◆ INSTRUCTIONS TO FOLLOW:
Take the material below and extract the lines from the one with "Män Ishockey Boston" through the one with "LayerBack — Upload your diagram", word for word, without pictures.

◆ RECORDS SHOWN:
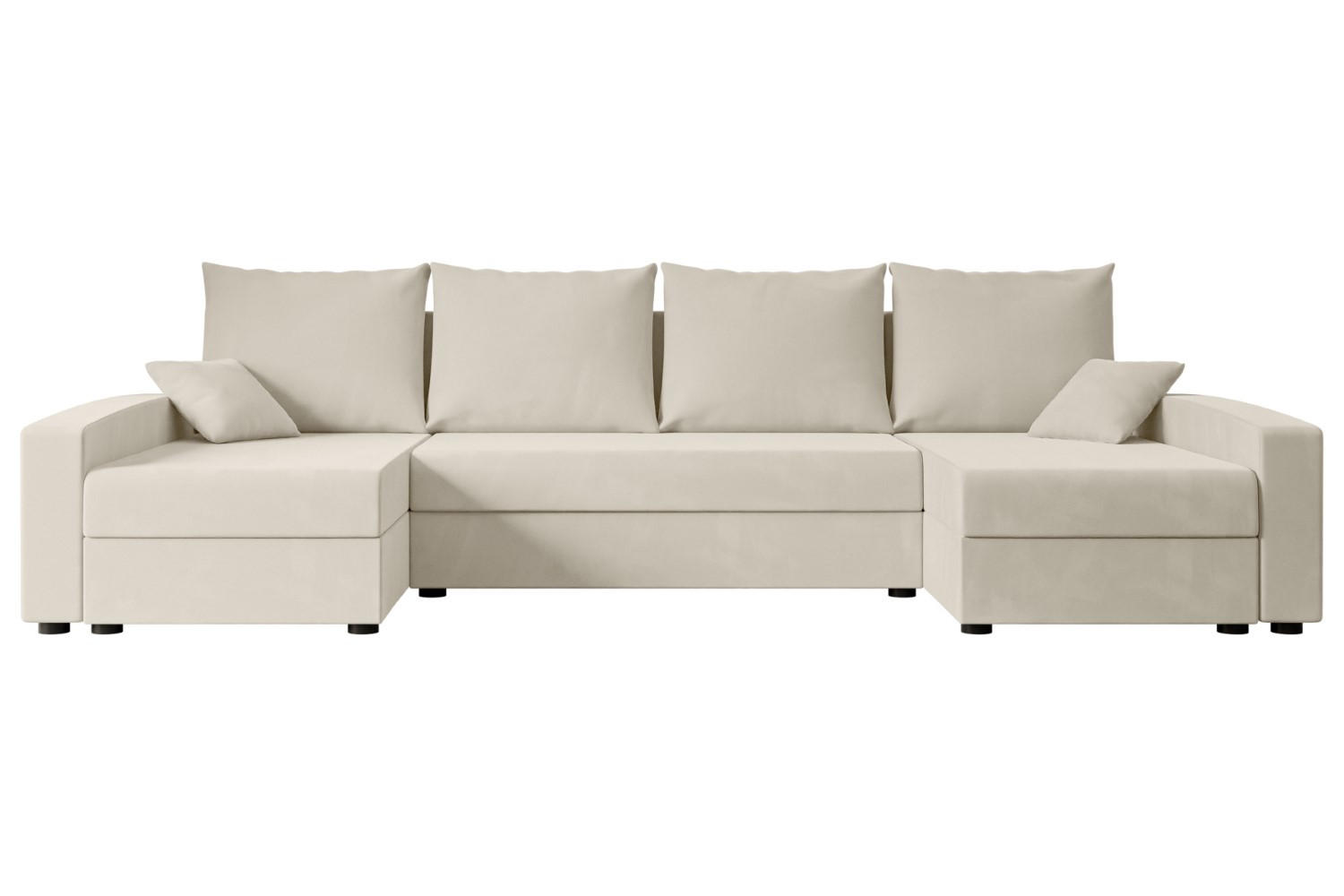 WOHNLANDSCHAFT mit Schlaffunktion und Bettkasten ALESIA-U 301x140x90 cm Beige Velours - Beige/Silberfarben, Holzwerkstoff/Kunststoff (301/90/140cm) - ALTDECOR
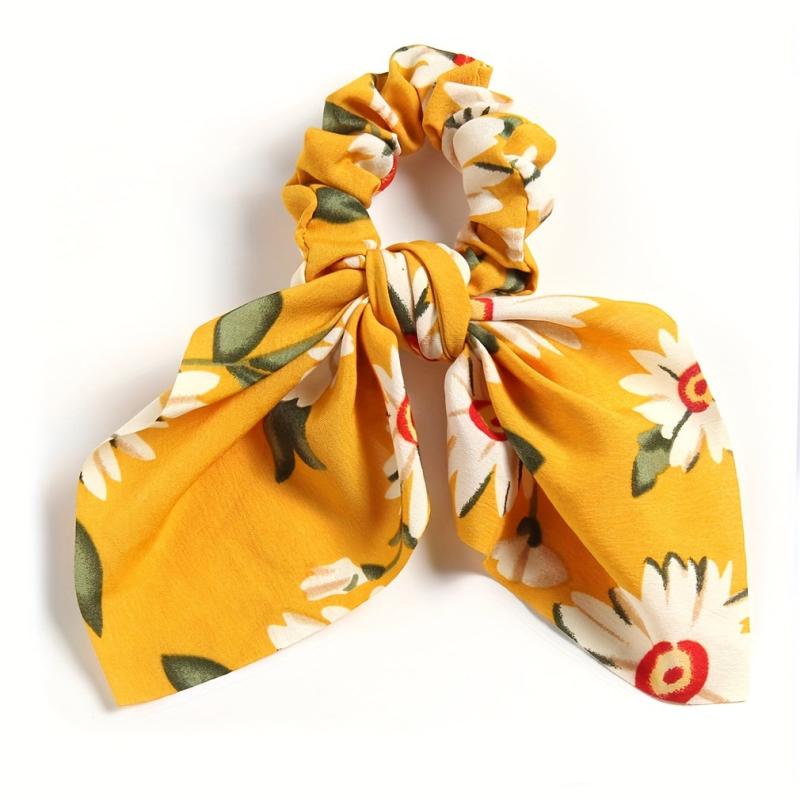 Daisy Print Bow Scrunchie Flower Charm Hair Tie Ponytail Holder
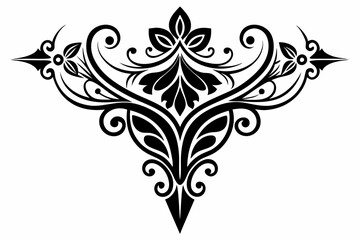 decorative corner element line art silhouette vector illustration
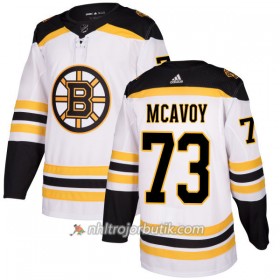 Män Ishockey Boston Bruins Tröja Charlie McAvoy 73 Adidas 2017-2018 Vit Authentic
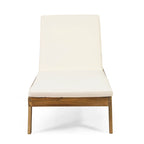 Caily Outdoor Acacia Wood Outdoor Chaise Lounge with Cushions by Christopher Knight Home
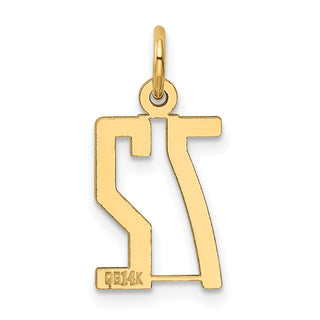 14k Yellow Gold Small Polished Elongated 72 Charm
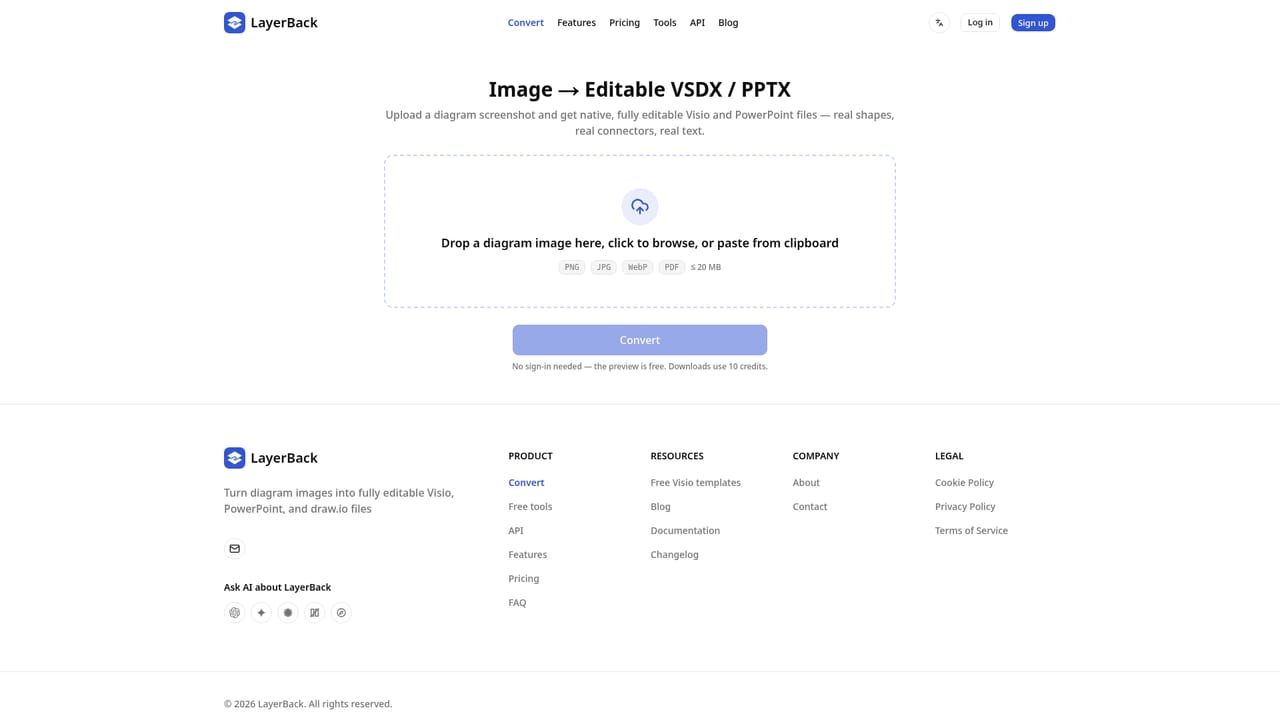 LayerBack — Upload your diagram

---

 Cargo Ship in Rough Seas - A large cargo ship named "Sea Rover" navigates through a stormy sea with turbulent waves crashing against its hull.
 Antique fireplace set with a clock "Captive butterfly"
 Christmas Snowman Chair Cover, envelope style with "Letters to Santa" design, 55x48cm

◆ WORKED SOLUTION:
 Män Ishockey Boston Bruins Tröja Charlie McAvoy 73 Adidas 2017-2018 Vit Authentic
 Caily Outdoor Acacia Wood Outdoor Chaise Lounge with Cushions by Christopher Knight Home
 14k Yellow Gold Small Polished Elongated 72 Charm
 LayerBack — Upload your diagram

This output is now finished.